A postmortem has been posted for why ChatGPT went down.
What is a Postmortem in tech? A technical postmortem is a retrospective analysis of events that resulted in a technical failure. The purpose of a technical postmortem is to: Find out what went wrong and why. Identify trouble areas. Determine what can be done to prevent future failures.
Now that we know what a technical postmortem is, let’s dive into what happened with ChatGPT
The root cause was the same as for this DALL·E Web Interface incident.

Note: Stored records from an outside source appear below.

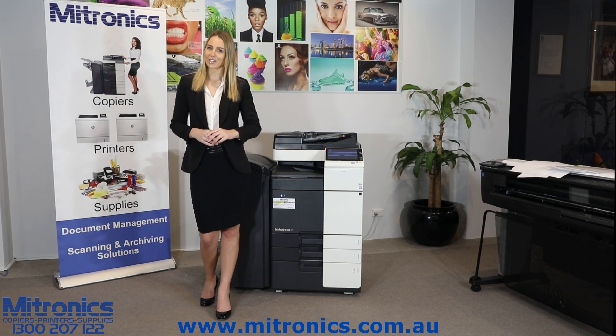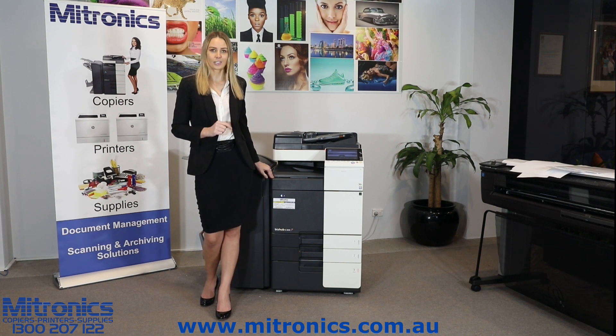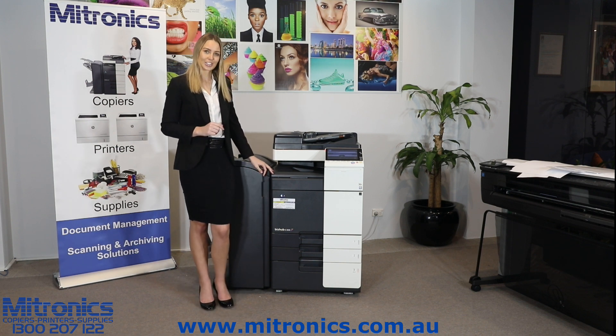Hi, I'm Matilda and I'm from iTromics and I'm standing here with the C368 series. I'm going to be explaining to you today how to remove a paper jam.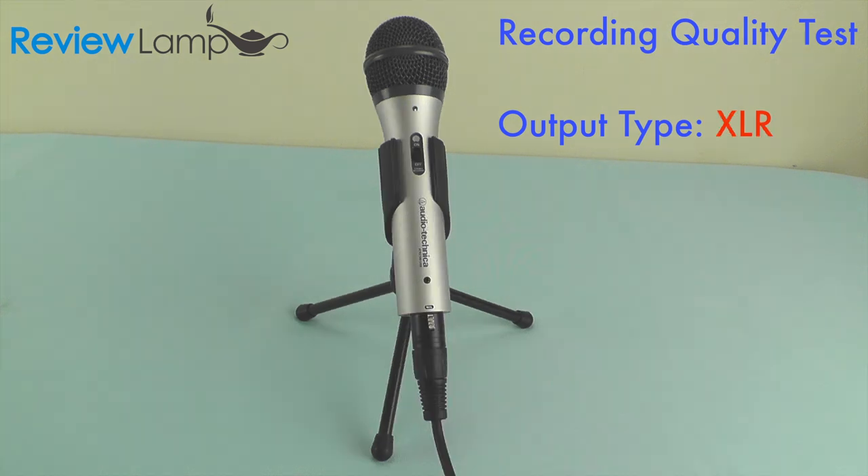Here's the recording quality from the ATR2100 when connected via the XLR cable, reading the same passage: "Here's to the crazy ones. The misfits, the rebels, the troublemakers, the round pegs in the square holes. The ones who see things differently. They're not fond of rules and they have no respect for the status quo. You can quote them, disagree with them, glorify or vilify them. About the only thing you can't do is ignore them. Because they change things. They push the human race forward. And while some may see them as the crazy ones, we see genius. Because the people who are crazy enough to think they can change the world are the ones who do."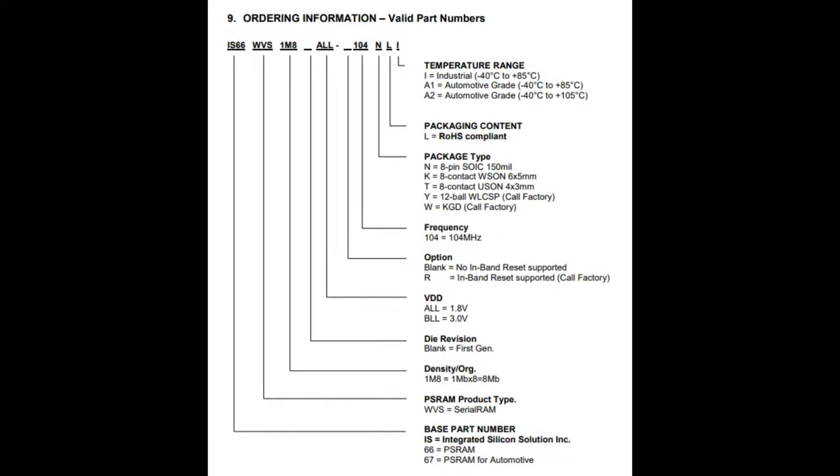ISSI PSRAM is available in different voltage series: the ALL series at 1.8V and the BLL series at 3.3V, in various packages and densities. DigiKey stocks between 1 megabyte and up to 16 megabytes of PSRAM, so you can have huge buffers for data capture. One nice thing about PSRAM is that if you're doing data capture from a DAC or ADC, you won't have the page-erase issue of SPI flash, and it's not as expensive as FRAM. As long as you're okay with memory being erased when power is lost — PSRAM is dynamic — you can have gigantic data buffers for about a dollar or two.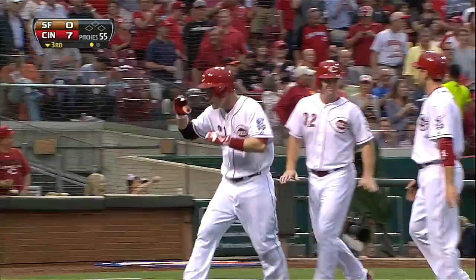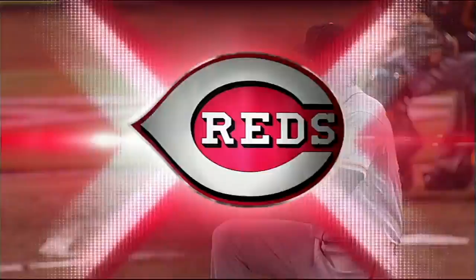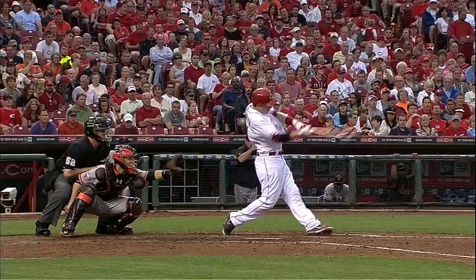Frazier has worked so hard on trying to hit the ball into that right center field gap. This swing — this is Todd Frazier. The ball stays up and out over the plate, and even on that pitch, Frazier got his hands inside of the ball and just clocked it.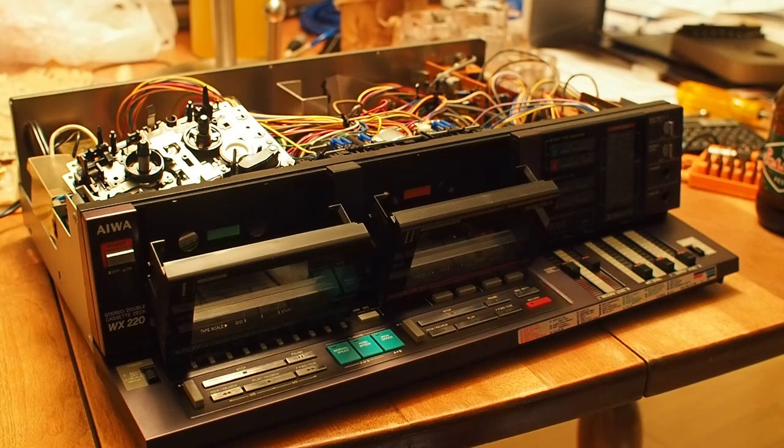It has obviously the ability to dub because it's got two decks, and it's also got high speed dubbing. Another cool feature along with that is that it's got four-track heads, so along with high speed dubbing it can actually dub both sides of the tape simultaneously. On the high speed setting you could dub a 60-minute tape in 15 minutes — it's a 4X speed versus normal playback dubbing.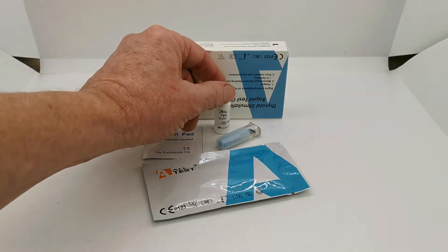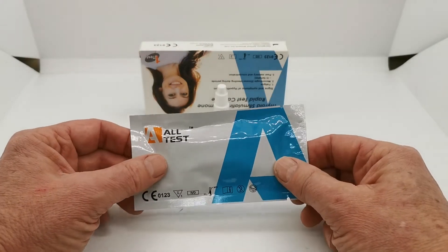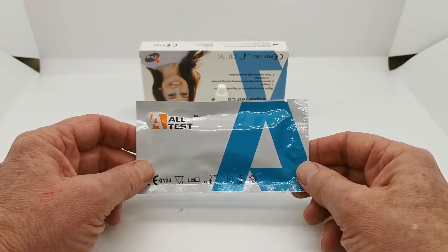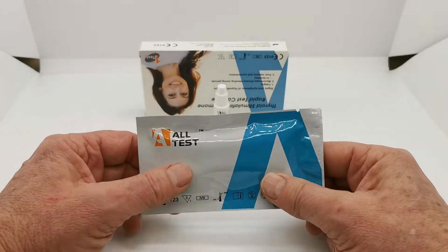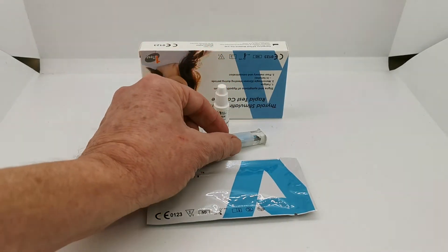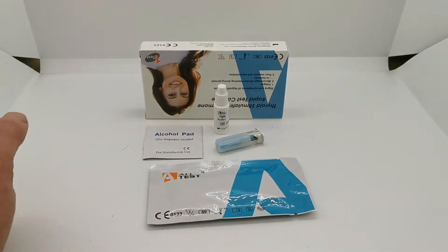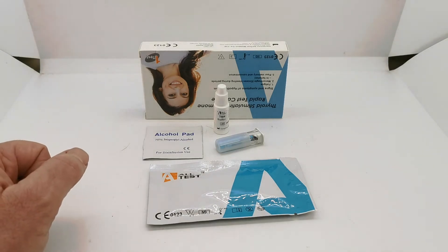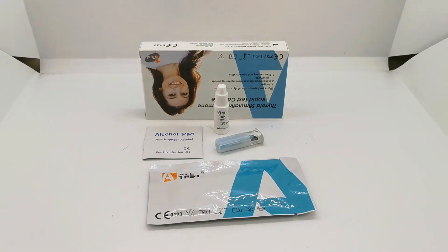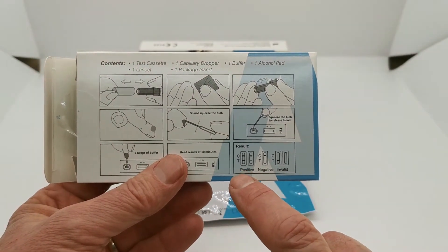There's also a buffer solution which is necessary to add whole blood into the test cassette, and packed in foil is a single use test cassette with a control line, test line, and a sample well, along with a pipette which is used once you've done the finger prick with the lancing device to transfer droplets of blood into the test cassette well. Then two drops of buffer are added and the test runs itself, with results read at 10 minutes.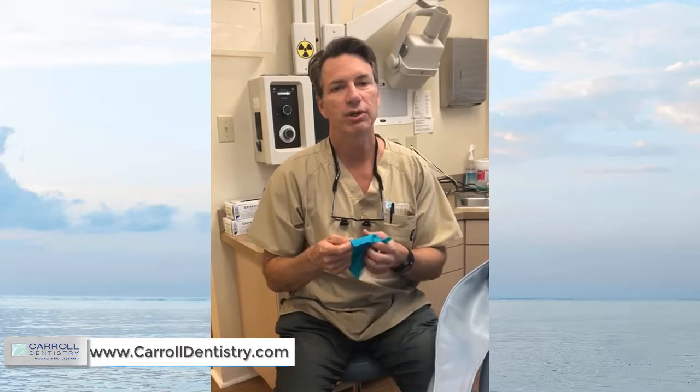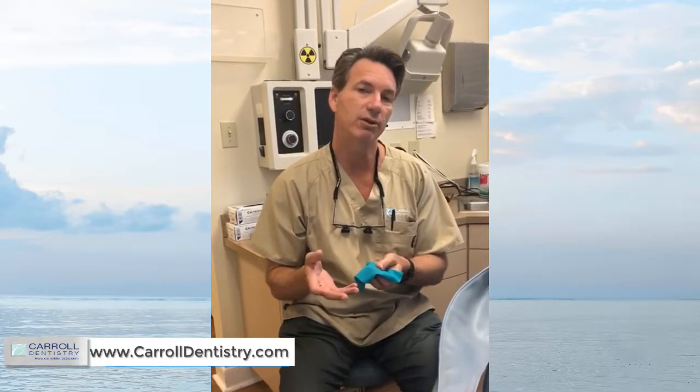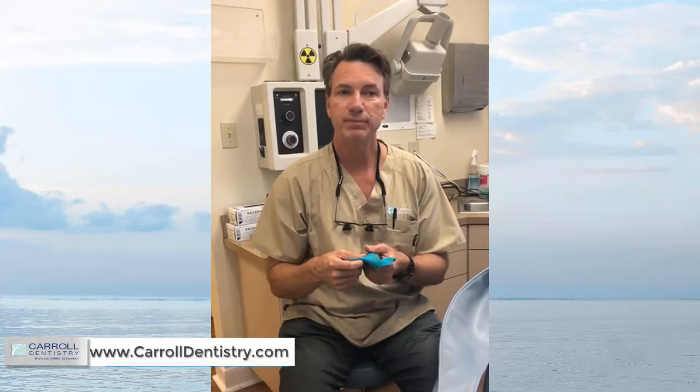When you're working with the BioClear system on procedures like black triangle closure or midline diastema closure, you are not going to use wedges. If you're not wedging the matrices to hold them in place, the rubber dam works like a turtleneck sweater around the tooth — you punch a relatively small hole so it fits tight at the neck of the tooth, and then you're tucking the matrices into that turtleneck sweater.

The hosts which were serving DALL·E’s Web Experience and the text-curie-001 API went offline. This was due to hosts not properly joining the Kubernetes cluster. The nodes didn’t re-join the cluster due to timing issues of a particular GPU diagnostics command that exceeded a timeout.
The article went on to say “We do not have control over this timeout or boot script since this is managed by our service provider. This was not anticipated since this behavior is unique to a particular node type in a particular region. The nodes were being cycled as part of a planned Kubernetes version upgrade.”
text-curie-001 was quickly moved to an unaffected node and service was restored.
Now the question beckons, why was text-curie-001 not moved to a healthy node?
Due to the size of DALL·E’s infrastructure and limited capacity, moving to healthy nodes was not an option. The resulting decrease in capacity degraded DALL·E service, as the request queue grew long enough that most requests timed out before image generations could be served.
Why was the issue not solved?
The statement goes on to say “During this incident, we introduced several levers for graceful load shedding in events where DALL·E receives more requests than it can support. To implement one of these levers, we ran a database migration. This migration stalled, had to be rolled back, and then retried due to unexpected row locks. During this time we were unable to serve DALL·E and this issue exacerbated our recovery time.“
What is the Plan moving forward for OpenAI?
Moving forward, we are implementing additional levers for load shedding and investigating alternative means of serving greater numbers of requests, given capacity constraints. One such lever is rejecting all inbound requests when the request queue grows beyond a certain length if the request would certainly time out before returning anyway. Additionally, we are reconfiguring our nodes to give us full control over boot-up scripts and adding new procedures to check for unexpected inconsistencies before full node cycles.